SENOR LORENZO, catorce grande…ees no meurto! Meee, I seed heem eem en brasada, dos noches.” Said Chris, holding up two fingers. He was describing the buck I had hunted the year before, obviously without success.
I shrugged, “No comprende o’ great Upper Tamaulipas hunting guide.”
“Okay, The 14-point made it through the winter. Saw him a couple of nights ago just before dark. No question it’s the same buck, same basic antler style. But this year he’s a typical twelve with possibly a kicker or two.
Looked like he’s at least nine-years old. Sway backed and bellied with almost as loose skinned about his face as you.” said Chris with a smile. “Saw him in the food plot there at the ‘the wall.’ I think he’s living in that area.” He continued, “Planted that food plot back in late September with Tecomate’s Greenfield. Lots of dead grass in the field, but a goodly amount of green forage growing under it. The deer have really been hitting it of late.”
“Sounds good! I just put a new Trijicon scope on my .300 H&H Mag, Ruger No. 1. It’s only roughly sighted in with Hornady’s 180-grain soft points. I need to run by the range and make certain it’s shooting where I want it at 100 yards” I explained to Chris Treiber, manager of the Sandstone Mountain Ranch.
He suggested we stop by the range on our way to the lodge. A few minutes later I put three shots into less than a half-inch group just above the x-ring at the 100-yard target. Evidently, I had sighted it in better than I thought. My rifle/scope/ammo were ready for action.
About an hour later Chris and I headed to the natural rock outcropping, ground blind I called “The Wall”. Although it was in the low 80s deer started feeding into the food plot within minutes after we arrived at 2:30 pm. Before leaving home I had checked wildlife activity charts, which indicated today there would be a peak feeding period starting just before 3 pm.
I have come to rely heavily on these published “major and minor feeding periods” in determining when I really want to be in the woods. Although I will hunt every chance I get, I really want to be “in the woods” when those times occur during daylight hours.
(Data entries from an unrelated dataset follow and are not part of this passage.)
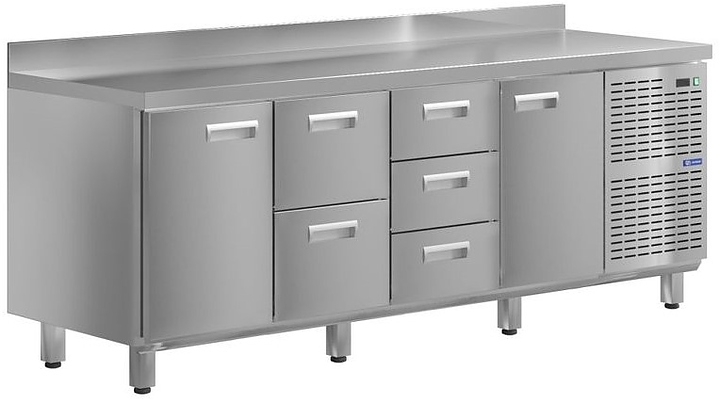Стол холодильный KAYMAN КСХ-1231/60 (2 двери, 5 ящиков)
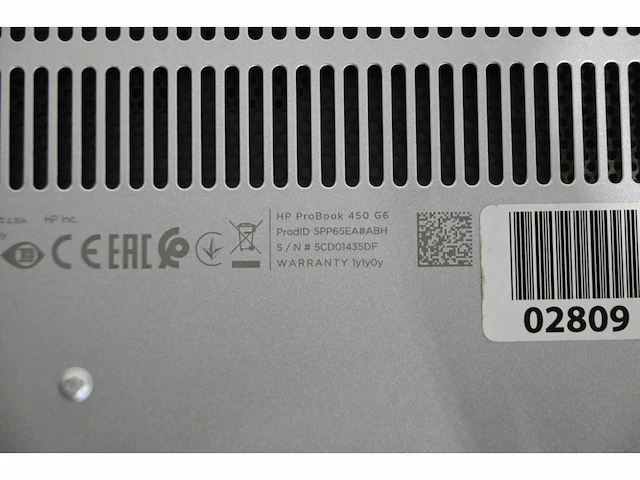 Hp probook 450 g6 laptop - afbeelding 5 van  5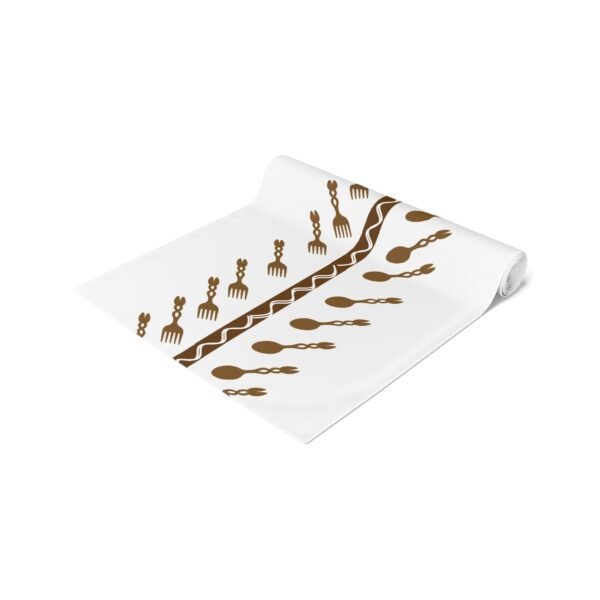 Tena Ase – “Pan-Afrikan Fam, Let’s Eat!” Table Runner | Afrocentric Dining Decor by Chef Nataki, Cultural Centerpiece, Unity Through Food and Design - Image 6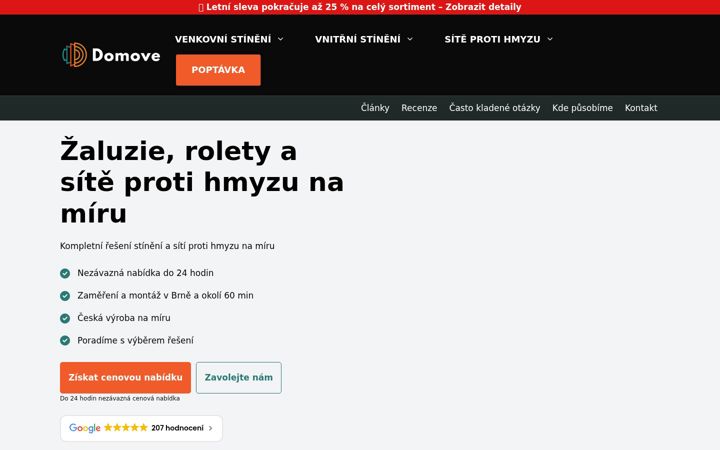 Snímek obrazovky domove.cz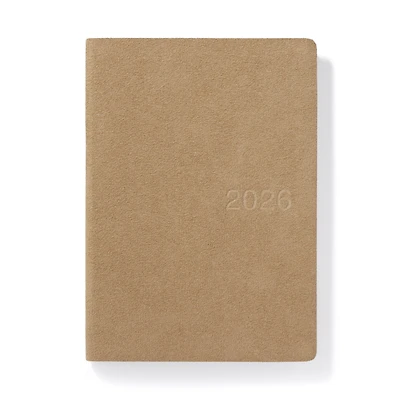 B6 Faux Suede Monthly/Weekly Planner From Dec. 2025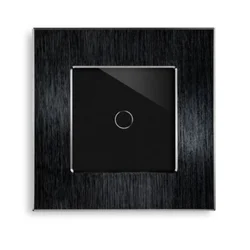 Exeshop 1g wi-fi pametni prekidačI al nn crni (WiFi touch switch) ( ss031 )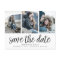 Handwritten Script Three Photo Save the Date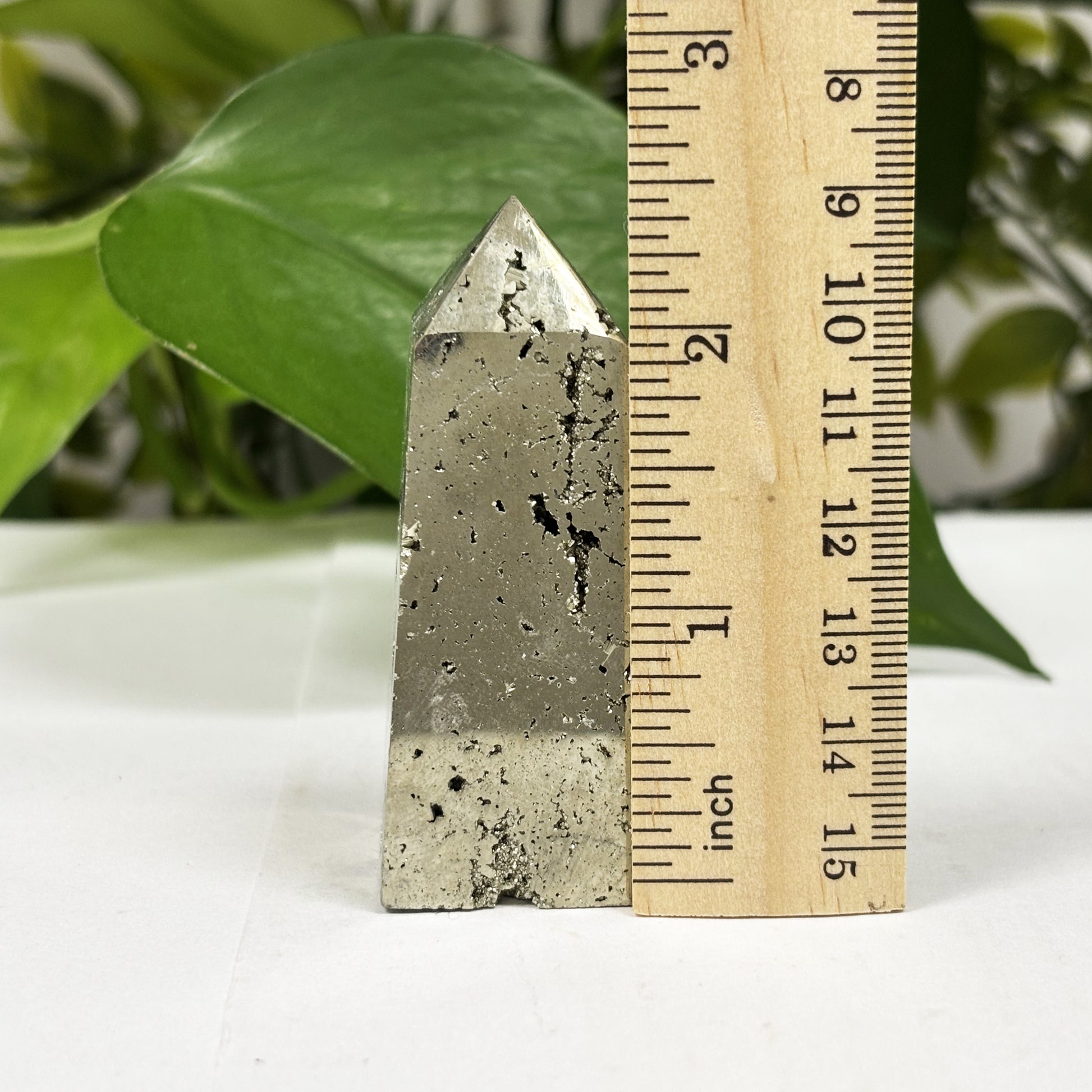 Pyrite Crystal Gemstone Obelisk Tower Point - Gem Avenue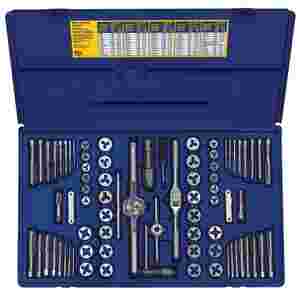 Fractional / Metric Tap and Die Set - 76-Pc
Over my somewhat long hunting career, I have shot numerous big, mature bucks during these times, especially when those times occurred during the mid-day.
First afternoon we saw numerous young and old bucks including some I might have considered taking had it not been that I was looking for a particular buck. To me one of the great hunting challenges is selecting one buck on a particular ranch, and then hunting him to the exclusion of all others.
In setting such a goal, sometimes I have come out on top, but most of the time I ended up not using a tag on that ranch. Yet in the process I learned much about whitetails, especially mature bucks.
Next morning Chris and I hunted another part of the ranch. We rattled in several bucks. I dearly love rattling, especially when mature bucks respond, or for that matter any age bucks.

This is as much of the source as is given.